Cboe has submitted an application to the SEC for the approval of a new exchange-traded fund (ETF) linked to the INJ token of the Injective Protocol. This ETF offers investors a unique opportunity not only to track the token's price but also to earn income through staking.
What is the Canary Staked Injective ETF
The fund, known as the Canary Staked Injective ETF, is being put forward by investment firm Canary Capital Group LLC. If approved, the ETF would allow investors to gain exposure to Injective’s native token (INJ), not just through its market price, but also by earning extra income from staking.
Benefits of Staking for Investors
Staking means locking the tokens into the Injective blockchain to help keep the network running. By staking the tokens, the fund can earn rewards, and those rewards would be passed on to investors. Thus, instead of just tracking the token’s market price, this ETF provides an opportunity to earn additional income through staking.

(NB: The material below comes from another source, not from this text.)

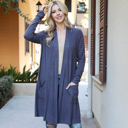  LONG SLEEVE OPEN FRONT POCKET CARDIGAN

Implications of the Application for the Crypto Market
The filing also highlights changes in the investment and regulatory landscape. In May 2025, the SEC released guidance stating that some types of staking may not count as securities offerings. This encouraged many firms to begin developing staking-based investment products. If approved, this ETF would become the third staking-enabled ETF in the United States, following the recent approval of staked Solana and Ethereum products.
Thus, Cboe's application for the INJ-linked ETF opens new avenues for investors, offering not only standard investment opportunities but also additional income through staking. This reflects the growing interest in innovative approaches in the crypto market.